Мандаринка на Новый Год (СИ) - Волкова Дарья. Страница 67
— Коля! Я не маленькая. К восьми буду дома.
— Я тебя встречу.
Когда он говорит таким тоном, спорить с ним бесполезно. Он на каждый ее аргумент будет повторять одно: «Я тебя встречу». Упрямый и чертовски ревнивый.
— Хорошо, — со вздохом соглашается она.
— В полвосьмого возле мастерской.
— Ну, все, Егорик, я побежала.
— Куда так торопишься? Давай, чаем на дорогу угощу?
— Не могу. Меня ждут.
— Кто ждет? Твой Отелло?
— Он самый.
— Да познакомь меня уже с ним. Я твоего Николая понимаю, конечно, сам бы на его месте был бы начеку…
— Егор!
— Ну, надо же ему объяснить, что уж с моей-то стороны он может подвоха не ждать. Чтобы зря нервы не трепал.
— Тут я согласна. Пойдем, выйдешь меня проводить, заодно и с Ником познакомлю.
— Знакомьтесь, Николай, Егор.
— Рад знакомству. Давно хотел… — Егор протянул руку и осекся на половине фразы.

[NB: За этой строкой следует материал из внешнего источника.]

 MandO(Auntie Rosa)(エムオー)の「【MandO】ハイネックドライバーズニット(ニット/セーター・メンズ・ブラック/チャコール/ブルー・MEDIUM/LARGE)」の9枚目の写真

— И тут Штирлиц понял, что явка провалена, — после паузы хмыкнул Ник.
— И тут Беркович понял, что полгода назад был в шаге от крупных неприятностей для своего здоровья, — в тон ему ответил Егор.
— Ребята… — Люба растеряна. — А что происходит?…
— Все в порядке, солнышко! — Ник деланно бодр. — Егор, рад знакомству! — крепко жмет руку Берковичу. — Извини, торопимся страшно, в другой раз пообщаемся.
— Коля?!
— Пойдем, пойдем. Все по дороге объясню!
Егор с улыбкой смотрит вслед удаляющейся и бурно жестикулирующей парочке. Метров через двадцать они останавливаются и начинают целоваться — точнее, Он целует Ее, сломив легкое сопротивление. Завидовать чужому счастью нехорошо, но сейчас Егор все-таки немного завидует.
Она ждет его возле работы — освободилась раньше и решила заехать. Конец марта — сырого и ветреного. Вспоминает, как вот так же приезжала тогда к нему — извиняться, примерно год назад. Сколько изменилось за этот год…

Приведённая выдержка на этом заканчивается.